January 10, 2017

The Final Act

Waferinos and Other Fellow Travelers-

I was going to post the following short essay on January 20th, but as the previous post was fast approaching the 200-item comment limit, I decided I might as well unload this now. Enjoy! (well, maybe not)

For those of us who were around at the time, it seemed beyond belief that Richard Nixon, little more than a two-bit hood and a red-baiter, could actually become president of the United States. And the damage he did to the country was immense: Kent State, Chile, Southeast Asia, Watergate, and so on. With Nixon, we became a different country, and hardly a better one.

And then there was Reagan. Who could have imagined that this knucklehead, as Philip Roth has called him, this B-movie actor, could accede to the presidency? But there he was, with a simplistic economic theory that dramatically widened the gap between rich and poor, and a budget that tripled the national debt and poured wasted billions into the military. As in the case of Nixon, he was another downturn from which we have never really recovered. His destructive legacy is with us to this day.

But with Trump: well, this is really our last gasp. The final years of the Roman Empire produced, as emperors, folks who were little more than bad jokes, including imbeciles and children. And this is where we too have arrived. Sitting now in the Oval Office is a cartoon character: a man who has no political experience or qualifications to be president; who touts an absurd haircut; who is a vulgar boor; and who is, nevertheless, the logical culmination of 400 years of hustling—what America is finally and nakedly all about. As the comedian George Carlin used to say, our leaders are representative; they don’t just descend from Mars.

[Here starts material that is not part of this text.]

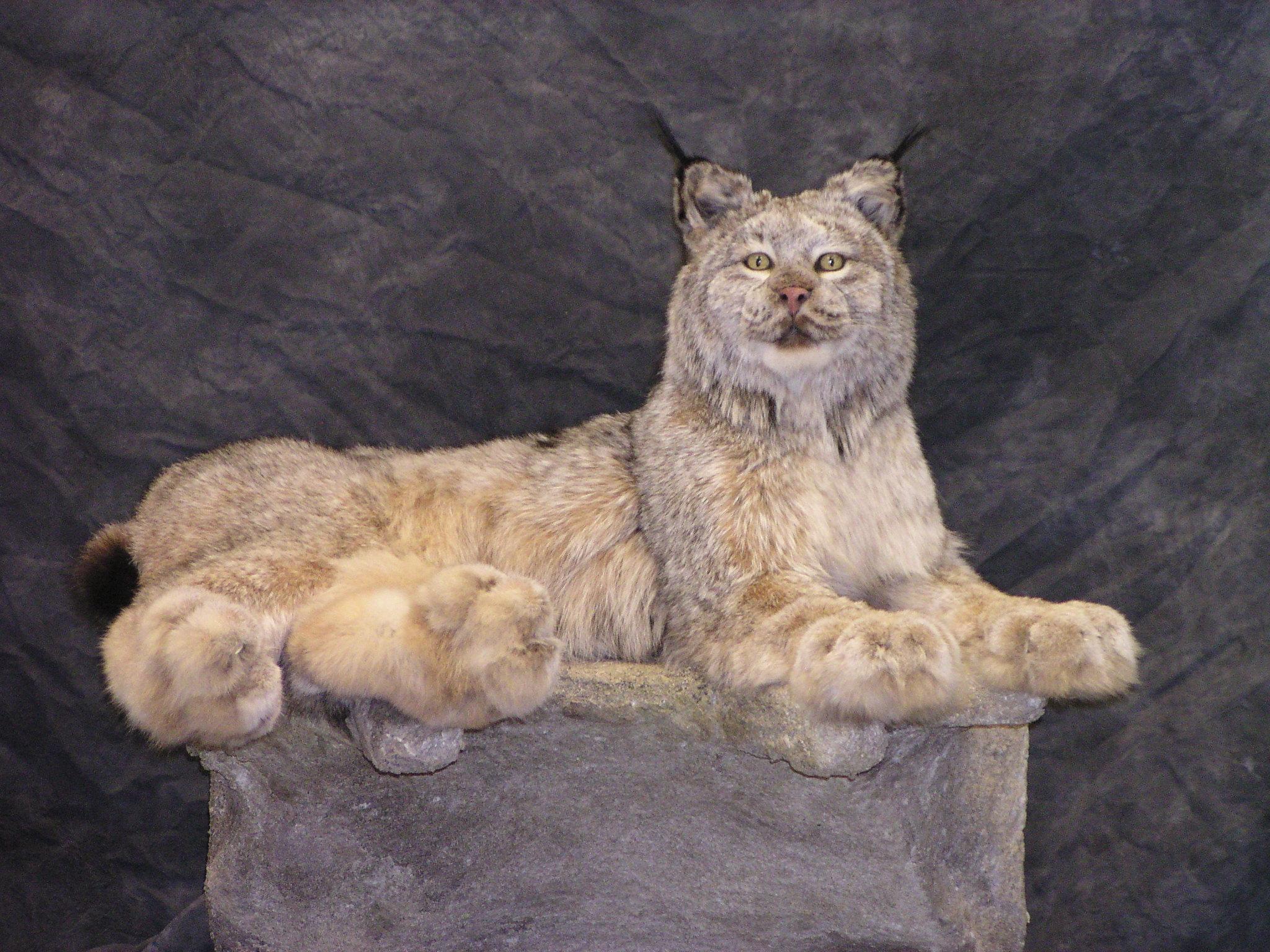 Alaska Taxidermy Services Alaska Precision Taxidermy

In retrospect, it is clear that Nixon and Reagan were dress rehearsals for The Final Act. They too were unfit for the presidency, and the havoc they wreaked on America and the rest of the world is proof of this. But Trump is somehow in a different category, because he comes across as surreal, an error of a different magnitude than Nixon or Reagan, as grotesque as they were. This is Reality TV on steroids, and I think we can expect that as huge as was the damage inflicted on the nation by Tricky Dick and “the Gipper” (read: clown), the damage that Trump is going to inflict on it will be that much greater. The US will end, not with a bang or a whimper, but on a bad joke.

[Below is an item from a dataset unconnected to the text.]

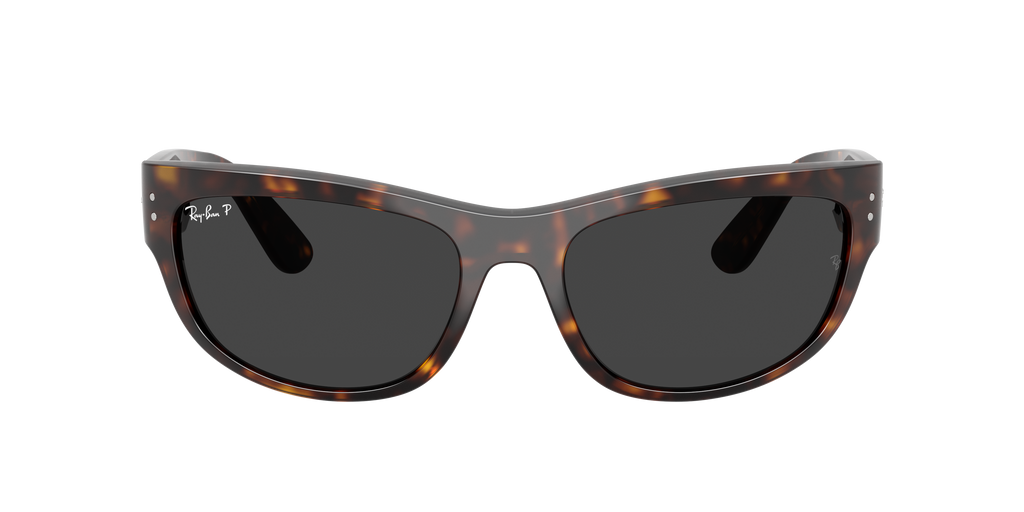 Ray-Ban | 0RB2289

And it’s just as well. No civilization lasts forever, and our time is clearly up. What are we, really? A genocidal war machine run by a plutocracy and cheered on by a citizenry that has the political sophistication of a five-year old. A nation so cruel that in some states, it is a crime to feed the homeless, and where the police routinely gun down unarmed civilians. A place where torture is now legal, and where the government has the right to arbitrarily rub out anyone it dislikes—including American citizens on American soil. A country almost completely lacking in community and friendship, where no one trusts anyone else, and where daily relationships are of the dog-eat-dog variety. And where the focus of the left is not on the relations of class and power, as it had traditionally been, but on politically correct language, and the legalities of who has the right to use transgender bathrooms. What, indeed, remains of the US today, where “democracy” is but a façade, a hollow shell?

To put it another way, then, Trump is karma writ large, the perfect agent for our Final Act. He is clearly what Hegel referred to as a “world historical individual,” a lightning rod for the major trends of our time. It could well be the case that by the time he finishes with the US, there won’t be very much left to finish.

In the meantime, us Wafers just watch the drama and shake our heads. Who could have guessed that God, or History, or the Zeitgeist, would turn out to have such a perverse sense of humor?